Preparing yourself for this section of the exam is important, not only because you must control and be fluent in certain topics, but because practicing the situation beforehand will help you feel less nervous.
Your result will be presented as an average of the four skills of the exam (Reading, Writing, Speaking, and Listening). The band score represents the level of English you have achieved.
The Speaking is an oral interview with an examiner, who will be marking how you are using the language. They will pay attention to your grammar, the vocabulary you are using, your pronunciation, and fluency. Remember this process will be recorded.
As we mentioned, the conversation will last between 11 to 14 minutes and will be divided into 3 parts. Let’s have a look at what you must do in each section:
The examiner will ask you general questions about yourself and general topics.
This part lasts between 4 to 5 minutes.
You will be given a card which asks you to talk about a particular topic.
You will have 1 minute to prepare before speaking for up to 2 minutes. The examiner will then ask 1 or 2 questions on the same topic.
You will be asked further questions about the topic in Part 2. These will give you the opportunity to discuss more abstract ideas and issues.
This part of the test lasts between 4 and 5 minutes.
First, the examiner introduces him/herself and checks your name. The examiner will then ask you questions on a range of familiar topics, such as home, family, work, studies, and interests.
This part of the test focuses on your ability to communicate opinions, give information on everyday topics and common experiences or situations by answering various questions.
Give an honest, clear response to the questions. There is no need to make it too complicated and add unnecessary information.
The examiner will give you a written task card about a particular topic, it includes points to cover in the talk as well as instructions to explain one aspect of the topic. You have 1 minute to think and take some notes before you have to speak for 2 minutes.
The task card may look something like this:
Describe an interesting sport that you play.
You should talk about:
What sport it is
How to play it
How often you play it
And explain why you think that sport is interesting.

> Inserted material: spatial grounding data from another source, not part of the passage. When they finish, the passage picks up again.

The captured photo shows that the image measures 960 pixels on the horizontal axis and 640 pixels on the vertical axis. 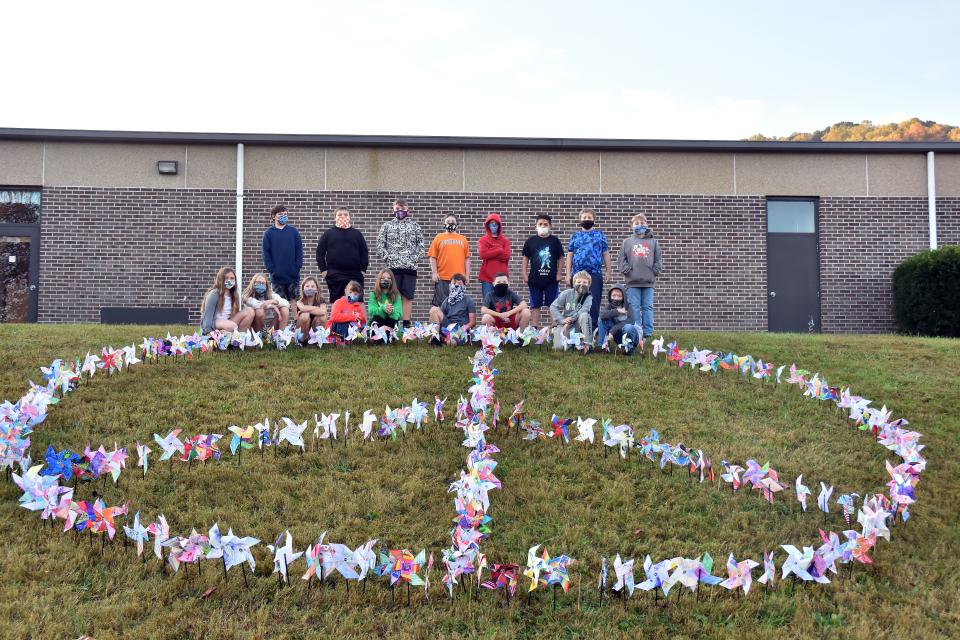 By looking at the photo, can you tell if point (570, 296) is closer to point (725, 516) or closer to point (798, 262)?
point (725, 516)

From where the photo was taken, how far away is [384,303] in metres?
8.83

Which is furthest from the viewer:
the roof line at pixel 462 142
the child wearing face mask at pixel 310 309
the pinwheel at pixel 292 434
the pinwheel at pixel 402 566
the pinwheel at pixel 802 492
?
the roof line at pixel 462 142

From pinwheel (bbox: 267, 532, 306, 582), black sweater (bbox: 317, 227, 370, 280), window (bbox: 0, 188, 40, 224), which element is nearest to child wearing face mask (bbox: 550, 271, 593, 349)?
black sweater (bbox: 317, 227, 370, 280)

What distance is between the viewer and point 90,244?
13812 mm

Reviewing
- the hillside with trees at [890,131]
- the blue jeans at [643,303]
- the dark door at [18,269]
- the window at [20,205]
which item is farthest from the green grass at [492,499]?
the hillside with trees at [890,131]

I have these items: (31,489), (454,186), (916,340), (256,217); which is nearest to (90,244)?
(256,217)

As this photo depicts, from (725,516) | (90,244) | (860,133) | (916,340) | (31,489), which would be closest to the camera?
(31,489)

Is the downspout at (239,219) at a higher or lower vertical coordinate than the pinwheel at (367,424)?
higher

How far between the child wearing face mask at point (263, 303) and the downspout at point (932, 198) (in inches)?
500

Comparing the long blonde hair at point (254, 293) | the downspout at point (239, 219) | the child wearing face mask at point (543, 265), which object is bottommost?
the long blonde hair at point (254, 293)

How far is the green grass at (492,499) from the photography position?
355cm

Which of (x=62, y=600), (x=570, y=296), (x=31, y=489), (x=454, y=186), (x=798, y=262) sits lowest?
(x=62, y=600)

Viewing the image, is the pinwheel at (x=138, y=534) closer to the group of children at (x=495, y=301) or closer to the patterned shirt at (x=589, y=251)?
the group of children at (x=495, y=301)

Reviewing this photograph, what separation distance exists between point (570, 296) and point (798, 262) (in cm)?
802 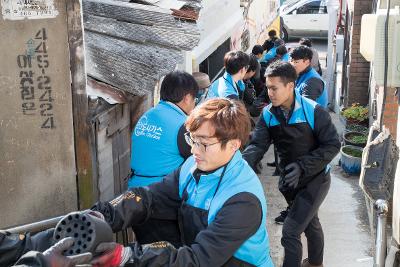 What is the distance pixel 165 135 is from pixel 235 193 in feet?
4.56

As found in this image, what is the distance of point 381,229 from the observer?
3703 mm

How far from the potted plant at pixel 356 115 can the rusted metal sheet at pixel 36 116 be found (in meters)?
6.15

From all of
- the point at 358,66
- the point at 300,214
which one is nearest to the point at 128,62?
the point at 300,214

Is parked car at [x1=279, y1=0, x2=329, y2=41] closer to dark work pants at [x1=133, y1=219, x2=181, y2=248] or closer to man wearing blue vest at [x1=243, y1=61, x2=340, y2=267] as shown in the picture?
man wearing blue vest at [x1=243, y1=61, x2=340, y2=267]

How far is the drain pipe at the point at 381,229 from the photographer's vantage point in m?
3.58

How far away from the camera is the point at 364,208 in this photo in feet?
23.6

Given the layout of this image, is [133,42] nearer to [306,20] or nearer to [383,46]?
[383,46]

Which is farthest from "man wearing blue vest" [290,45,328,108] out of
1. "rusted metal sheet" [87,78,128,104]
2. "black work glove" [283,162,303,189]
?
"rusted metal sheet" [87,78,128,104]

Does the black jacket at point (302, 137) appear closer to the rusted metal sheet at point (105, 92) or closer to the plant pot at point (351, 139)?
the rusted metal sheet at point (105, 92)

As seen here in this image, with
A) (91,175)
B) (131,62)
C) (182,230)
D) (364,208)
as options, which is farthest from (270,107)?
(364,208)

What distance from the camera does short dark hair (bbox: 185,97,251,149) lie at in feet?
9.61

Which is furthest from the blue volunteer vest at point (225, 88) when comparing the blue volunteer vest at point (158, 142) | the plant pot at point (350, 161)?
the blue volunteer vest at point (158, 142)

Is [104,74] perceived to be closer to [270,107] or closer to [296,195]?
[270,107]

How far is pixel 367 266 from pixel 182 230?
126 inches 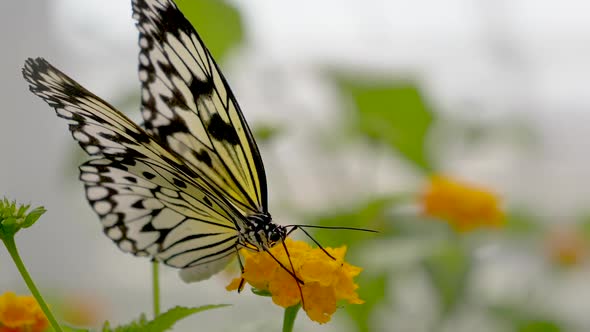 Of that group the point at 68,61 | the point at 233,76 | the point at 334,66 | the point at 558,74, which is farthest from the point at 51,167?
the point at 558,74

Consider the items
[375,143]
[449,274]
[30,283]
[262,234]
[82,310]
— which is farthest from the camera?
[82,310]

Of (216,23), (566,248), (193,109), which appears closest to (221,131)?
(193,109)

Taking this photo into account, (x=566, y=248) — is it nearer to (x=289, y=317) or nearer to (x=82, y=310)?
(x=82, y=310)

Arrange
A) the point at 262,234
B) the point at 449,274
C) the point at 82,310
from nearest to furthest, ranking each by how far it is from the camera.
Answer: the point at 262,234
the point at 449,274
the point at 82,310

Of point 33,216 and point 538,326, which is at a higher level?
point 33,216

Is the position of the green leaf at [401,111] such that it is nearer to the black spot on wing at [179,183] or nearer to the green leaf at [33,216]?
the black spot on wing at [179,183]

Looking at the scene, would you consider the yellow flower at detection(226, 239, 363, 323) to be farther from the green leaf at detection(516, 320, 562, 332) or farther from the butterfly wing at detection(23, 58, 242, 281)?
the green leaf at detection(516, 320, 562, 332)

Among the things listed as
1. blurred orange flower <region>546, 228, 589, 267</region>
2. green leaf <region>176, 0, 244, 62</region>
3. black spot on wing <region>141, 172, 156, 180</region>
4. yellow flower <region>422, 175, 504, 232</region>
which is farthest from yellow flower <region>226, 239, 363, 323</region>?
blurred orange flower <region>546, 228, 589, 267</region>

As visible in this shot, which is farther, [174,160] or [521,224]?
[521,224] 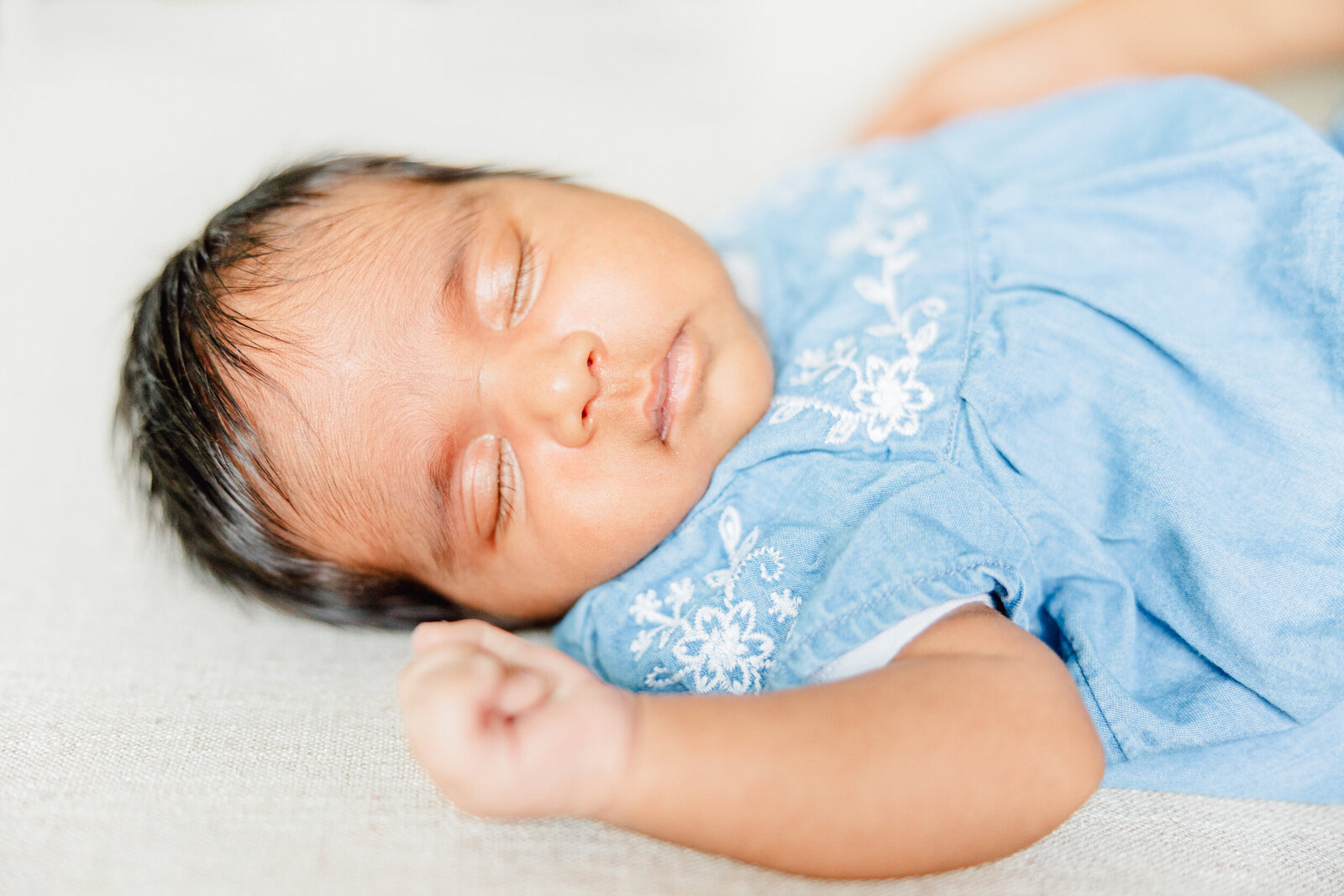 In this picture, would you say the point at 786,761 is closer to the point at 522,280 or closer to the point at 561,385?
the point at 561,385

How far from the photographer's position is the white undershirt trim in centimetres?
81

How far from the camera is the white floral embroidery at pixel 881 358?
923 mm

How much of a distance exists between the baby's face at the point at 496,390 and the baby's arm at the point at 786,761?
0.24 meters

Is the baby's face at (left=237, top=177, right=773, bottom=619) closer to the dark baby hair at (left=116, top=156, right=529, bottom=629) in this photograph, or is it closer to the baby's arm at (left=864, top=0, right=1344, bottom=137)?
the dark baby hair at (left=116, top=156, right=529, bottom=629)

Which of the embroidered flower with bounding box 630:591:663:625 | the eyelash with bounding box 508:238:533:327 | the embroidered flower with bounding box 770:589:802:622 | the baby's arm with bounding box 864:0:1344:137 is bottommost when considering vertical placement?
the embroidered flower with bounding box 630:591:663:625

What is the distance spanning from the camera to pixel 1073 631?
0.88 metres

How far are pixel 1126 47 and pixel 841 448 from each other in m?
0.94

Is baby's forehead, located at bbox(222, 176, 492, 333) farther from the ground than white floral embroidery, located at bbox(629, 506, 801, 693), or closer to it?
farther from the ground

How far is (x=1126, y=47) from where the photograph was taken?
56.6 inches

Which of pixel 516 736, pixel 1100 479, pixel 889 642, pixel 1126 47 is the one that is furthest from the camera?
pixel 1126 47

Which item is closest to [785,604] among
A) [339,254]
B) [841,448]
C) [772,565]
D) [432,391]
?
[772,565]

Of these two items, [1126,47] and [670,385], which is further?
[1126,47]

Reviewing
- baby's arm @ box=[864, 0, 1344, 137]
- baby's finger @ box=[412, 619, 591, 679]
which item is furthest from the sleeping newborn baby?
baby's arm @ box=[864, 0, 1344, 137]

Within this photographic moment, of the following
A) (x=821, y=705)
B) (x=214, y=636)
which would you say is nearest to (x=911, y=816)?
(x=821, y=705) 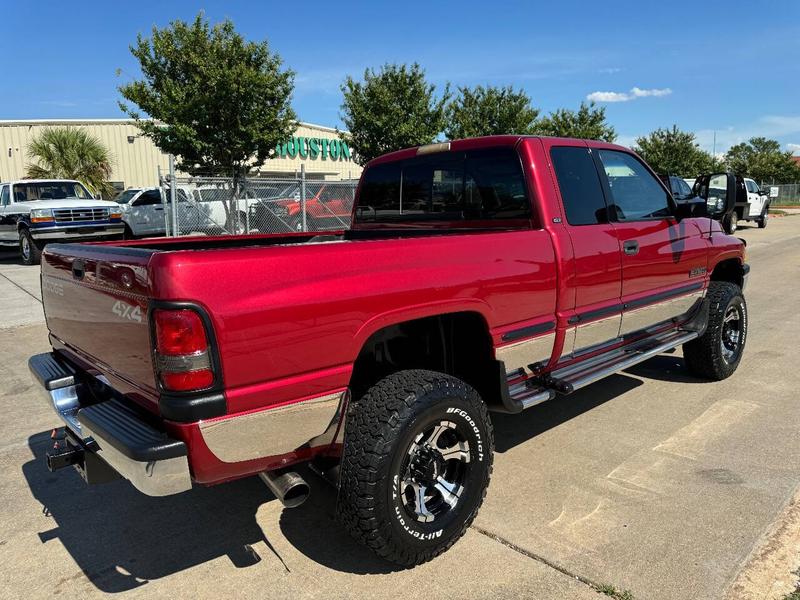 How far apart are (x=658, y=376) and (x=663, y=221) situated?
1.79 meters

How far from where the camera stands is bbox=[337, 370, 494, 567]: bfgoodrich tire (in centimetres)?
257

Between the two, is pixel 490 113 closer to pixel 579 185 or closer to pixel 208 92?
pixel 208 92

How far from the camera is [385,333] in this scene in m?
2.89

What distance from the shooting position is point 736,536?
299 cm

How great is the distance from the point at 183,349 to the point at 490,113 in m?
21.5

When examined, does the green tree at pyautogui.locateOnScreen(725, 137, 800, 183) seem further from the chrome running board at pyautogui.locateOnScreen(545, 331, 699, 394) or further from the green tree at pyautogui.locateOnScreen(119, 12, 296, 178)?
the chrome running board at pyautogui.locateOnScreen(545, 331, 699, 394)

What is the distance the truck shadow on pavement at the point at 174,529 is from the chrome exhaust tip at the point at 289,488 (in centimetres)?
56

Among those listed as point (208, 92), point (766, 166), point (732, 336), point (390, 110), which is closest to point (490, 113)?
point (390, 110)

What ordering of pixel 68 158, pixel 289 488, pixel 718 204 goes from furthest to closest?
pixel 68 158 → pixel 718 204 → pixel 289 488

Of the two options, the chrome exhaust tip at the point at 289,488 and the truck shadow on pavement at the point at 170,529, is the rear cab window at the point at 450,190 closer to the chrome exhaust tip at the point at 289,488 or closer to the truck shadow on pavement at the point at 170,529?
the truck shadow on pavement at the point at 170,529

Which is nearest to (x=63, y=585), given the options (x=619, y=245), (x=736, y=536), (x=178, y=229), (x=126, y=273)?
(x=126, y=273)

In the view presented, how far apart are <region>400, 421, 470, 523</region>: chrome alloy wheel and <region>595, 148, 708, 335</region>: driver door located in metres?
1.80

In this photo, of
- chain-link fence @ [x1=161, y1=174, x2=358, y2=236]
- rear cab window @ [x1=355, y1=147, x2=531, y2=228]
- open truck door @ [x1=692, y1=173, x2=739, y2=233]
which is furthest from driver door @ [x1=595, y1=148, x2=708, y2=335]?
chain-link fence @ [x1=161, y1=174, x2=358, y2=236]

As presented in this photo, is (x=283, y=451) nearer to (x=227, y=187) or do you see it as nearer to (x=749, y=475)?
(x=749, y=475) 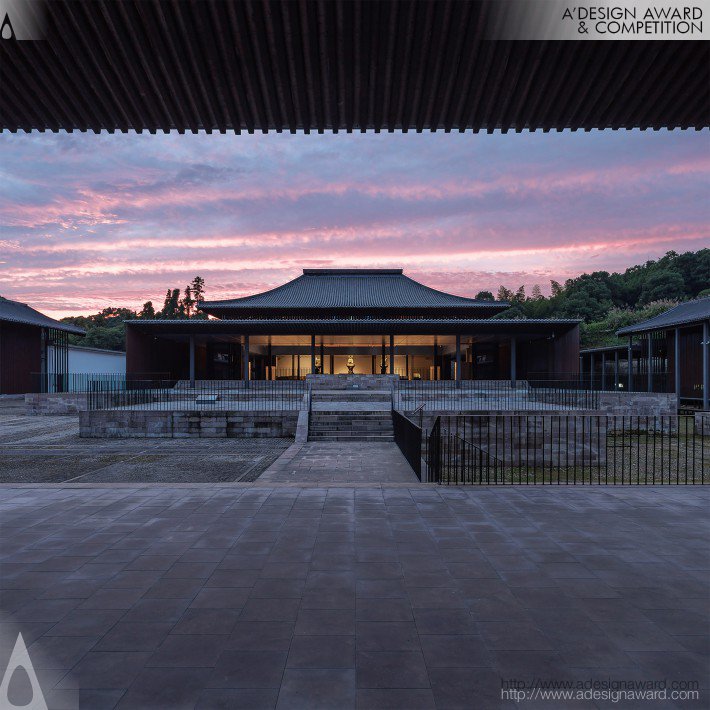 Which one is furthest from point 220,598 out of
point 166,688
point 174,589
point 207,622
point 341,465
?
point 341,465

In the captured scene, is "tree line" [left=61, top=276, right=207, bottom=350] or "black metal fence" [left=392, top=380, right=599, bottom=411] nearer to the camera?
"black metal fence" [left=392, top=380, right=599, bottom=411]

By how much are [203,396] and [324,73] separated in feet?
61.1

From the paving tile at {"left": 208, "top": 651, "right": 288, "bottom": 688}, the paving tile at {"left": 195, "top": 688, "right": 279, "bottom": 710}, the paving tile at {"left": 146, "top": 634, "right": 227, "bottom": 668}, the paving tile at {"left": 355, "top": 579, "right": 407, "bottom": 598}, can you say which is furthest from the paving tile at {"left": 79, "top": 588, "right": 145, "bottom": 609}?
the paving tile at {"left": 355, "top": 579, "right": 407, "bottom": 598}

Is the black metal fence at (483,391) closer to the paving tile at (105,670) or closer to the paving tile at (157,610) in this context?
the paving tile at (157,610)

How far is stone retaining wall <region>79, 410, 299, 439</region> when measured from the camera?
1489 cm

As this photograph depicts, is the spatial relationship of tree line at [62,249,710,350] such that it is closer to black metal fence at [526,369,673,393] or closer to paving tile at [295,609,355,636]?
Result: black metal fence at [526,369,673,393]

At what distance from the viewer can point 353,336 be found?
101ft

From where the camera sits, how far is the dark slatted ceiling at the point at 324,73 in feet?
11.0

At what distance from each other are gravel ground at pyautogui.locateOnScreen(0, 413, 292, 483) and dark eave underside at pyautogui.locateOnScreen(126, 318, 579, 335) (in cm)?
1179

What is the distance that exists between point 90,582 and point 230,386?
939 inches

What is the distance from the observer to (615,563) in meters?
4.11

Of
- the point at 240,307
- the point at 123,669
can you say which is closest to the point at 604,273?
the point at 240,307

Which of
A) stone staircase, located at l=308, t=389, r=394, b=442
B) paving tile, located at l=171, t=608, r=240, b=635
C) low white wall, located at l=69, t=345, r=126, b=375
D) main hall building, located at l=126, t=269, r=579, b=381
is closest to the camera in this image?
paving tile, located at l=171, t=608, r=240, b=635

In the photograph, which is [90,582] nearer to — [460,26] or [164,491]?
[164,491]
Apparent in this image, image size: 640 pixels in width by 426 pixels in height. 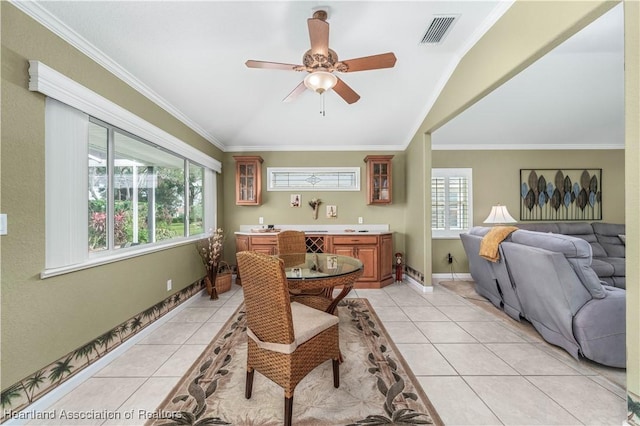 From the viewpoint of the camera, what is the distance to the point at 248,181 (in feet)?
14.7

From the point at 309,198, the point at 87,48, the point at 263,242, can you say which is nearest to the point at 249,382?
the point at 263,242

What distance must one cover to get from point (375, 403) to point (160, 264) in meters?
2.56

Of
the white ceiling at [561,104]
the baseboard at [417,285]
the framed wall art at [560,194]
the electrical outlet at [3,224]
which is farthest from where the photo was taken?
the framed wall art at [560,194]

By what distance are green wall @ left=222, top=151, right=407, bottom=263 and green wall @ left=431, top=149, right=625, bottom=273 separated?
1026 millimetres

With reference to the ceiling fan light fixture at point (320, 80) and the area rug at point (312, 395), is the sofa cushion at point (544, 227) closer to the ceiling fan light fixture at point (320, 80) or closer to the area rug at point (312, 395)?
the area rug at point (312, 395)

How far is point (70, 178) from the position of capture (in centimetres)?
180

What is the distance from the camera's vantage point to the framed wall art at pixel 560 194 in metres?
4.59

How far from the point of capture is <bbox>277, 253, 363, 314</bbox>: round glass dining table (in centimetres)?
183

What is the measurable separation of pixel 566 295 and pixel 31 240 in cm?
390

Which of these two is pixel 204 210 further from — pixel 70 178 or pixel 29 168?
pixel 29 168

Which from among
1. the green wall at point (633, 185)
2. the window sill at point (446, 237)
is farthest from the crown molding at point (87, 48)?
the window sill at point (446, 237)

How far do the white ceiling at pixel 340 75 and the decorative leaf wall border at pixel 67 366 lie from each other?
Answer: 2279 millimetres

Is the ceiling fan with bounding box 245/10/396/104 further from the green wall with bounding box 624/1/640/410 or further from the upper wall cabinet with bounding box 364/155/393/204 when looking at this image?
the upper wall cabinet with bounding box 364/155/393/204

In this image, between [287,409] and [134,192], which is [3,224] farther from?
[287,409] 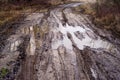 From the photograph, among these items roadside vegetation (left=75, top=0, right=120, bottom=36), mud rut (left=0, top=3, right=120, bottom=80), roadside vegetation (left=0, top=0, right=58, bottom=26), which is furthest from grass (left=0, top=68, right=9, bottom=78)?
roadside vegetation (left=0, top=0, right=58, bottom=26)

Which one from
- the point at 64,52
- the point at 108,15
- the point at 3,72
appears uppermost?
the point at 3,72

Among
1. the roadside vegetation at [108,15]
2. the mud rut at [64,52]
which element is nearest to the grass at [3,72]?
the mud rut at [64,52]

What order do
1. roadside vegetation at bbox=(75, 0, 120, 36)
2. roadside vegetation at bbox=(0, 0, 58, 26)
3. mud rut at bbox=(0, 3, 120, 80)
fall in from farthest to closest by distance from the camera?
1. roadside vegetation at bbox=(0, 0, 58, 26)
2. roadside vegetation at bbox=(75, 0, 120, 36)
3. mud rut at bbox=(0, 3, 120, 80)

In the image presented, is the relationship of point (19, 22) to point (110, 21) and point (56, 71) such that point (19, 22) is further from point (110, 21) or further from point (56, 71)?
point (56, 71)

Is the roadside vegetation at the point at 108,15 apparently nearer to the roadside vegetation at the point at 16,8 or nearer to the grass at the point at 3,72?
the roadside vegetation at the point at 16,8

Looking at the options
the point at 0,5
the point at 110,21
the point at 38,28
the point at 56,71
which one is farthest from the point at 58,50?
the point at 0,5

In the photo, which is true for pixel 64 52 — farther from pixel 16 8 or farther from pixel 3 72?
pixel 16 8

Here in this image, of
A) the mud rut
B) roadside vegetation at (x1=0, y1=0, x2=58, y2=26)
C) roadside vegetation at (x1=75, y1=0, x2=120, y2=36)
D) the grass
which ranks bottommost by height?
roadside vegetation at (x1=0, y1=0, x2=58, y2=26)

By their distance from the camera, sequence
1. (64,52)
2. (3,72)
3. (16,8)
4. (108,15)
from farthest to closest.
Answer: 1. (16,8)
2. (108,15)
3. (64,52)
4. (3,72)

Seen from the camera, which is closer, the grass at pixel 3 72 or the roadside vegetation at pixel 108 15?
the grass at pixel 3 72

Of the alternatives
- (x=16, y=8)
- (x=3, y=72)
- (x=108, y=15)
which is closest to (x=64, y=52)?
(x=3, y=72)

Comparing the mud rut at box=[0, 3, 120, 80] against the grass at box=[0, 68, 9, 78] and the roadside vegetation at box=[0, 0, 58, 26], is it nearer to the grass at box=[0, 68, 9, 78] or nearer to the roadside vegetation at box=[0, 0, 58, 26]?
the grass at box=[0, 68, 9, 78] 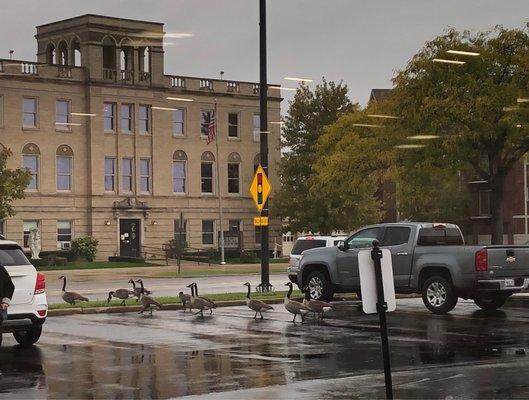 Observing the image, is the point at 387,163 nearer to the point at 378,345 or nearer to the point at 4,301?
the point at 378,345

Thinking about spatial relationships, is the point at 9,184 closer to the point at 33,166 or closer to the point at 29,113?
the point at 33,166

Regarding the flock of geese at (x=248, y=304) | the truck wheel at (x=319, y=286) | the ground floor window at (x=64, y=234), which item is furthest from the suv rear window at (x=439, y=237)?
the ground floor window at (x=64, y=234)

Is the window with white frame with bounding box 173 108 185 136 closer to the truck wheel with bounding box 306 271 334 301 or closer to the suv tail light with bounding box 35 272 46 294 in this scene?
the truck wheel with bounding box 306 271 334 301

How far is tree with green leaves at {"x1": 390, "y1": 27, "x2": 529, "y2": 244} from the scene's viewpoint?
36.9 metres

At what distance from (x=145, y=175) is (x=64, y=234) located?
729 cm

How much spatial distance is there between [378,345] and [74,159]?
54032 mm

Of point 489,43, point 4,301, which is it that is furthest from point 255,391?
point 489,43

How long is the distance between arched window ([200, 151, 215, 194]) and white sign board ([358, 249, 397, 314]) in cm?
6454

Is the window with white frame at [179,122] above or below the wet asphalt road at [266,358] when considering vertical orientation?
above

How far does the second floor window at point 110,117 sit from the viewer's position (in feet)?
230

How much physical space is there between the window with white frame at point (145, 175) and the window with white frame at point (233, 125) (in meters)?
6.91

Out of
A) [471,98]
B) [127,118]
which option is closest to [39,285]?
[471,98]

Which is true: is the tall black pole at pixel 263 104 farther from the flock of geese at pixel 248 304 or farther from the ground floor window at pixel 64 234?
the ground floor window at pixel 64 234

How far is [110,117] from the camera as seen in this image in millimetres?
70312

The examiner will then ask some questions at the end of your talk.
This part of the test focuses on your ability to speak at length on a given topic. So, using the points on the task card effectively as well as making notes during the preparation time will help you to think of appropriate things to say, structure your talk, and continue talking for the full length of time.
In the Speaking section part 3, the examiner will ask you further questions about the topic discussed in part 2. The questions will require you to expand the point you made previously, giving an explanation or examples of experiences to support this point. The task will last around 3-4 minutes.
This part of the test focuses on the ability to express and justify opinions and to analyze, discuss and speculate about certain issues.
Your responses should not be too short, although they should not be too long either. You want to develop an answer that has an example or justify your views while giving the examiner time to ask you some more questions.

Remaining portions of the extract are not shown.